WestCoastProjects
WestCoastProjects

Reputation: 63022

Hbase MasterNotRunningException though Hmaster, regionserver, and Zookeeper are up

I have started hbase and all of the daemons are running.

 $ jps
8482 HQuorumPeer
25105 RemoteMavenServer
9133 SecondaryNameNode
11883 HRegionServer
13793 Jps
8545 NameNode
8572 HMaster
11519 Main
25029 Main
8851 DataNode
9435 RunJar

Now let us try to list the tables:

hbase(main):004:0* list
        TABLE                                                                                                                                                   

ERROR: org.apache.hadoop.hbase.MasterNotRunningException: Retried 7 times

Here is some help for this command:
List all tables in hbase. Optional regular expression parameter could
be used to filter the output.

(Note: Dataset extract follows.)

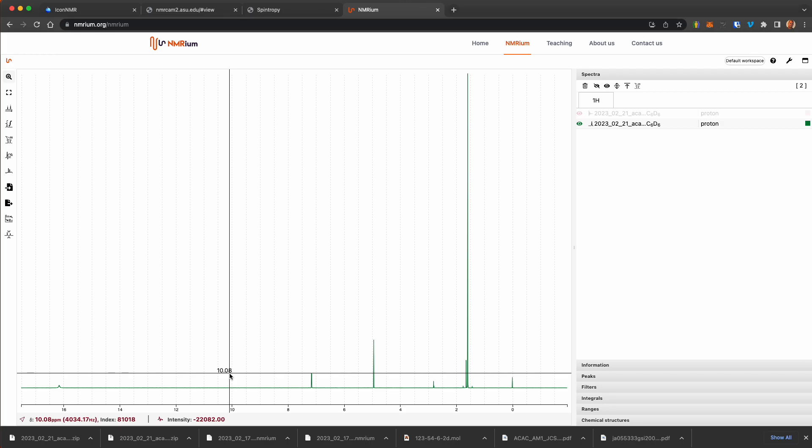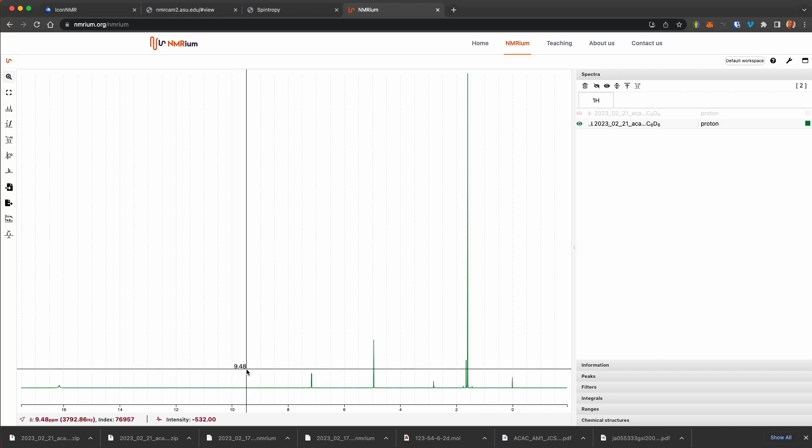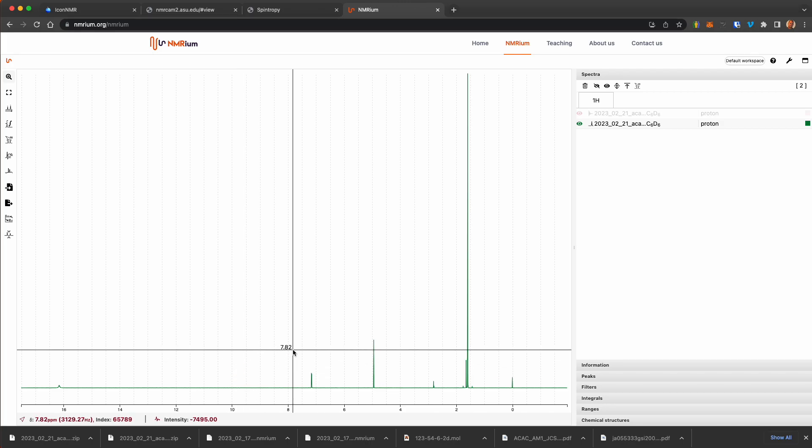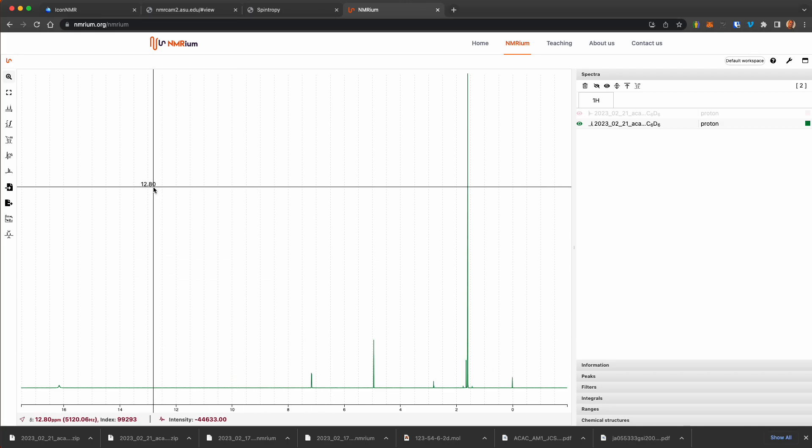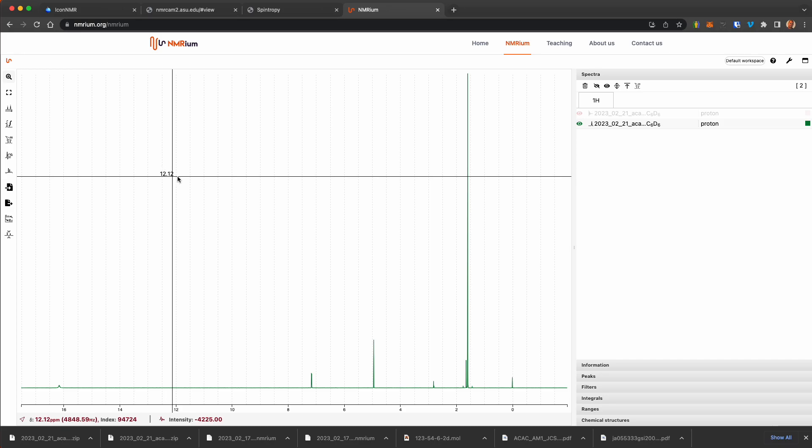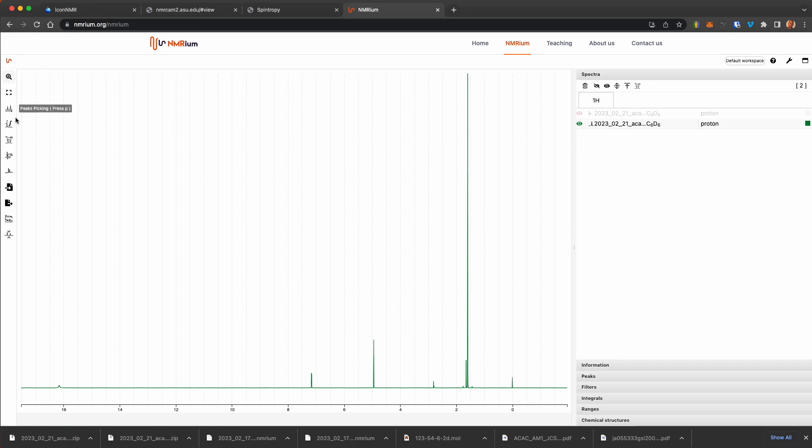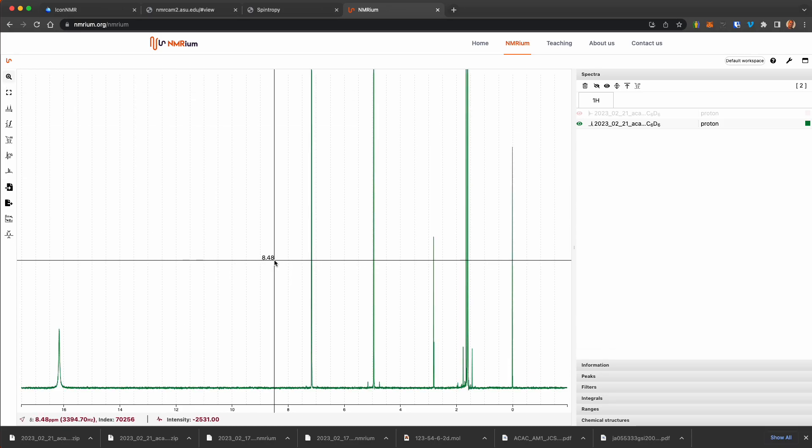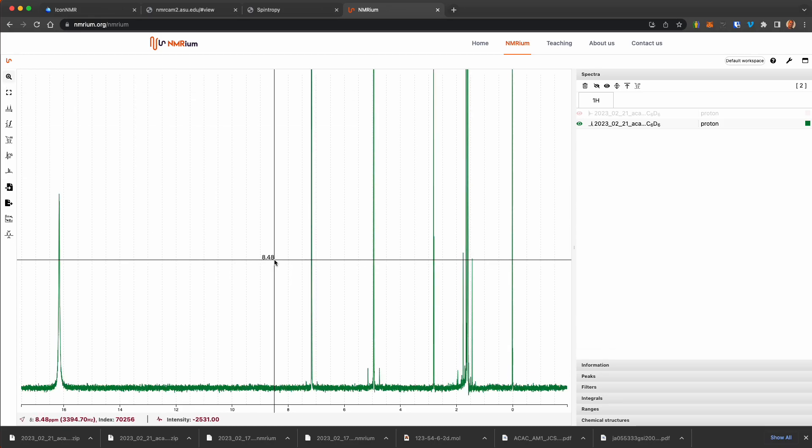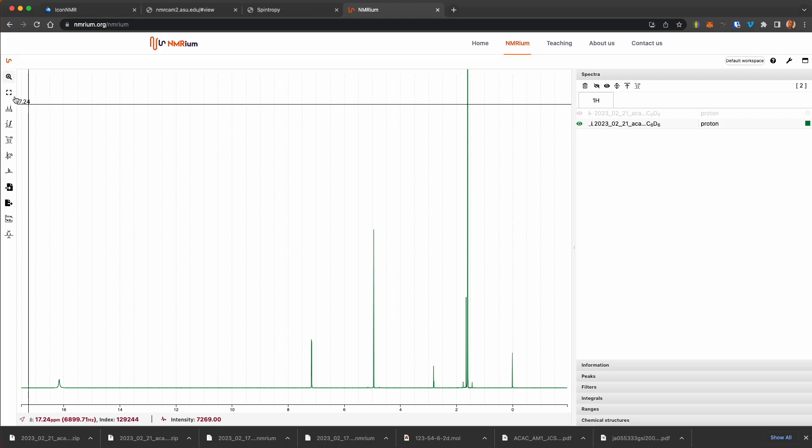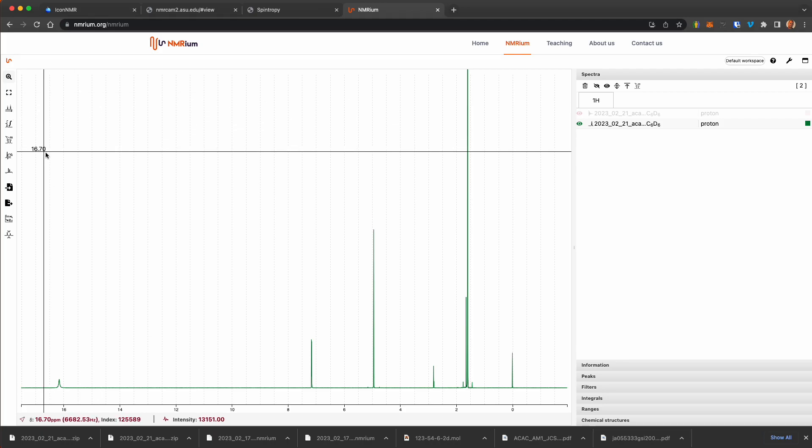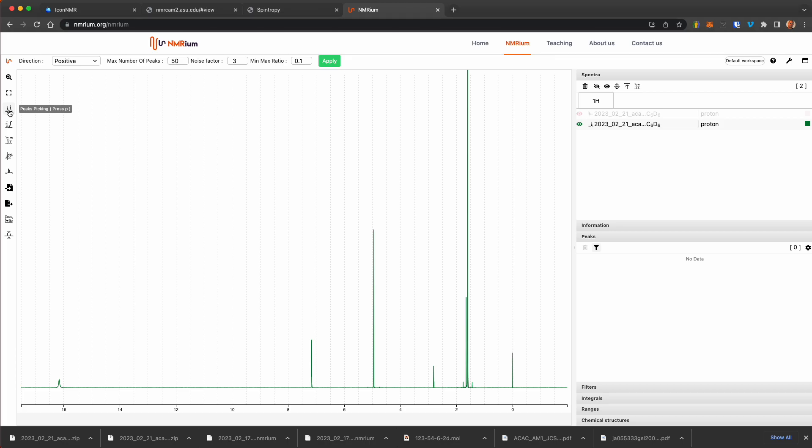Let's look at doing some quick analysis of this in NMRium. So going through here, we can see we can blow up the spectra. We can highlight certain regions. Let's start with peak picking.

Examples:

Tail of master log:

2013-05-17 22:48:35,609 INFO org.apache.hadoop.hbase.master.ServerManager: Registering server=localhost,60020,1368856115352

tail of Zookeeper log:

$ tail *zoo*.log
2013-05-18 00:14:27,651 INFO org.apache.zookeeper.server.NIOServerCnxnFactory: Accepted socket connection from /127.0.0.1:49826
2013-05-18 00:14:27,652 INFO org.apache.zookeeper.server.ZooKeeperServer: Client attempting to establish new session at /127.0.0.1:49826
2013-05-18 00:14:27,666 INFO org.apache.zookeeper.server.ZooKeeperServer: Established session 0x13eb59ceb22001e with negotiated timeout 180000 for client /127.0.0.1:49826

Tail of regionserver log:

2013-05-18 00:08:35,416 DEBUG org.apache.hadoop.hbase.io.hfile.LruBlockCache: LRU Stats: total=2.03 MB, free=244.85 MB, max=246.88 MB, blocks=0, accesses=0, hits=0, hitRatio=0cachingAccesses=0, cachingHits=0, cachingHitsRatio=0evictions=0, evicted=0, evictedPerRun=NaN
2013-05-18 00:13:35,416 DEBUG org.apache.hadoop.hbase.io.hfile.LruBlockCache: LRU Stats: total=2.03 MB, free=244.85 MB, max=246.88 MB, blocks=0, accesses=0, hits=0, hitRatio=0cachingAccesses=0, cachingHits=0, cachingHitsRatio=0evictions=0, evicted=0, evictedPerRun=NaN
2013-05-18 00:18:35,416 DEBUG org.apache.hadoop.hbase.io.hfile.LruBlockCache: LRU Stats: total=2.03 MB, free=244.85 MB, max=246.88 MB, blocks=0, accesses=0, hits=0, hitRatio=0cachingAccesses=0, cachingHits=0, cachingHitsRatio=0evictions=0, evicted=0, evictedPerRun=NaN

More details (in response to @roman below). The safemode was already off.

fsck gives:

hadoop fsck /

.Status: HEALTHY
 Total size:    321466989 B
 Total dirs:    412
 Total files:   446
 Total blocks (validated):  355 (avg. block size 905540 B)
 Minimally replicated blocks:   355 (100.0 %)
 Over-replicated blocks:    0 (0.0 %)
 Under-replicated blocks:   334 (94.08451 %)
 Mis-replicated blocks:     0 (0.0 %)
 Default replication factor:    3
 Average block replication: 1.0
 Corrupt blocks:        0
 Missing replicas:      1109 (312.39438 %)
 Number of data-nodes:      1
 Number of racks:       1
FSCK ended at Sun May 19 13:09:14 PDT 2013 in 147 milliseconds

But, as you suspected the hbase gui is not running on 60030. I don't see errors in hbase log to explain why.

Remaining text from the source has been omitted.